Argumentação semelhante foi utilizada pelo recorrente no HC 203.374. Nesse caso, o relator, ministro Jorge Mussi, lembrou que o STF já decidiu que o artigo 41 da Lei Maria da Penha é constitucional.
Mais de um crime
Em dezembro de 2000, a Corte Especial aprovou a Súmula 243, segundo a qual o benefício da suspensão do processo não é aplicável em relação às infrações penais cometidas em concurso material, concurso formal ou continuidade delitiva, quando a pena mínima cominada – seja pelo somatório, seja pela incidência da majorante – ultrapassar o limite de um ano.
Um dos precedentes mais antigos para a edição da súmula foi o Recurso em Habeas Corpus 7.779, de outubro de 1998. O ministro Felix Fischer, relator, afirmou que a majorante do crime continuado deve ser levada em conta para fins de aplicação da suspensão condicional.
“A carga de reprovação – ainda que, repetindo, provisória – em relação a um injusto não pode ser nivelada com a de dois ou mais.
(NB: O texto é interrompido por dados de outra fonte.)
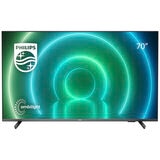 Philips 70 Inch 7900 series 4K UHD Android Smart LED TV 70PUT7906/79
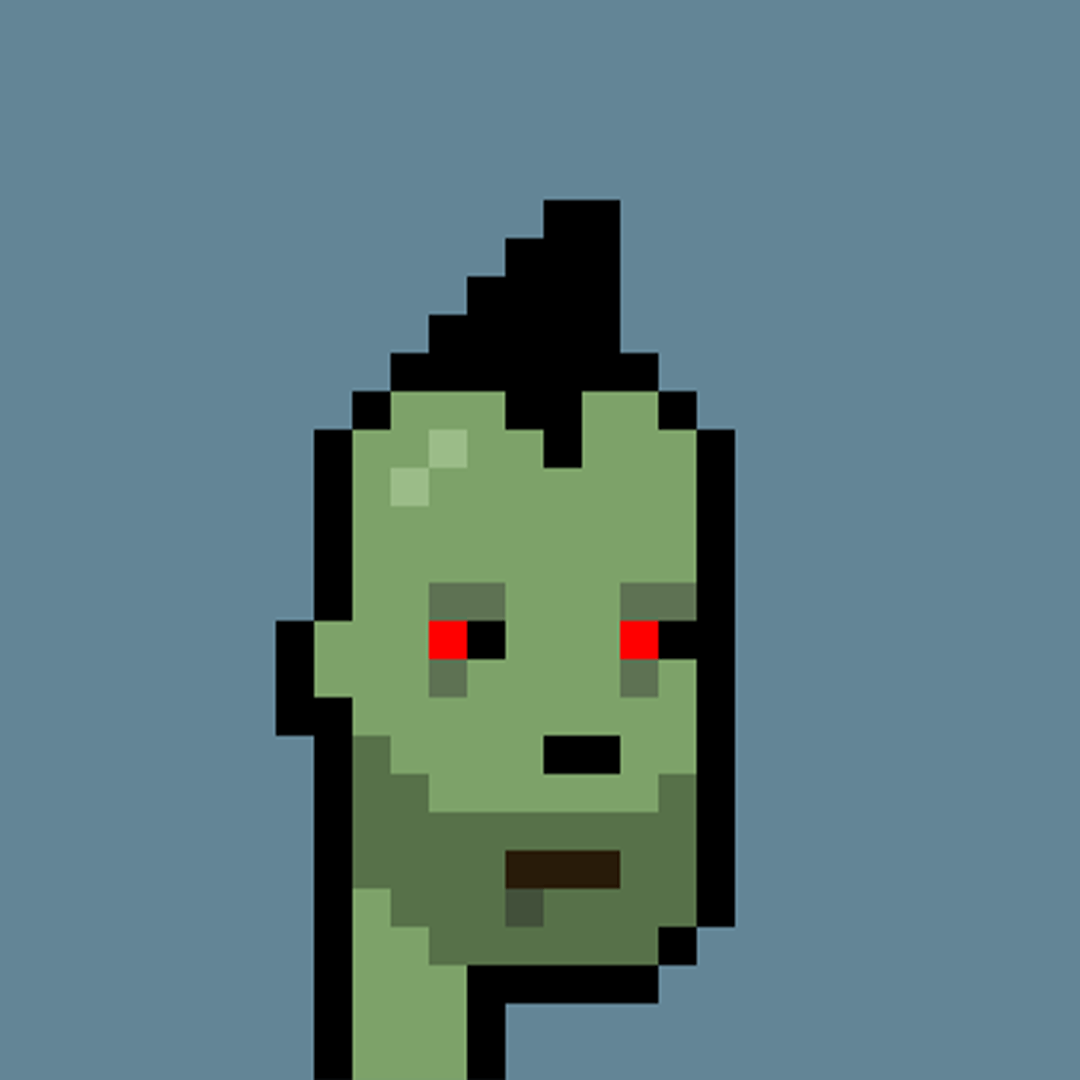 inscription 14d19a4d95c197240a89f167479351d8b0ff18cbba0b01ad43cae4cba736c48ci0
Seria, axiologicamente, igualar o que – em qualquer grau de conhecimento – é desigual. É o mesmo que asseverar que ‘tanto faz’ um como 20 crimes. O escape, por outro lado, para as condições subjetivas, data venia, é propiciar um subjetivismo que pode acarretar situação totalmente alheia ao controle judicial”, declarou Fischer.
Revogação
O sursis processual pode ser revogado em certas circunstâncias – por exemplo, se o acusado descumprir as condições impostas ou passar a ser processado por outro crime no curso do prazo da suspensão.
No julgamento do HC 143.887, em setembro de 2013, o ministro Og Fernandes lembrou que a suspensão não gera automaticamente a extinção da punibilidade, sendo possível a revogação do benefício ante o descumprimento das condições impostas
“O término do período de prova sem revogação do sursis processual não enseja, automaticamente, a decretação da extinção da punibilidade, que somente tem lugar após certificado que o acusado cumpriu as obrigações estabelecidas e não veio a ser denunciado por novo delito durante a fase probatória”, fundamentou o ministro ao destacar que tal entendimento já era pacífico no tribunal na data do julgamento.
“Assim, não há se falar em extinção da punibilidade, diante da constatação de que o acusado não cumpriu as determinações do juízo para a concessão do benefício”, concluiu Og Fernandes.
Em outro julgamento, no RHC 39.396, o ministro Jorge Mussi diferenciou as possibilidades de revogação do benefício.
“Verifica-se que há duas situações em que a revogação do sursis processual é obrigatória (beneficiário processado por outro crime no decorrer do período de prova e ausência de reparação do dano sem motivo justificado), e duas em que é facultativa (acusado processado por contravenção penal no curso do prazo e descumprimento de qualquer outra condição estabelecida)”, explicou.
No caso julgado, o benefício foi cassado porque o acusado passou a responder por outro crime durante o período da suspensão condicional – situação essa, segundo Mussi, “que constitui causa de revogação obrigatória do benefício”.
Em 2012, durante o julgamento do REsp 1.304.912, a Sexta Turma destacou que, ao contrário da pretensão da defesa, o término do período de prova – sem revogação do sursis – não induz, necessariamente, a decretação da extinção da punibilidade.
O relator, ministro Sebastião Reis Júnior, afirmou que tal medida “somente tem lugar após certificado que o acusado cumpriu as obrigações estabelecidas e não veio a ser denunciado por novo delito durante a fase probatória”. O ministro disse que o entendimento é pacífico no STJ e também acompanha a posição do STF desde 2010.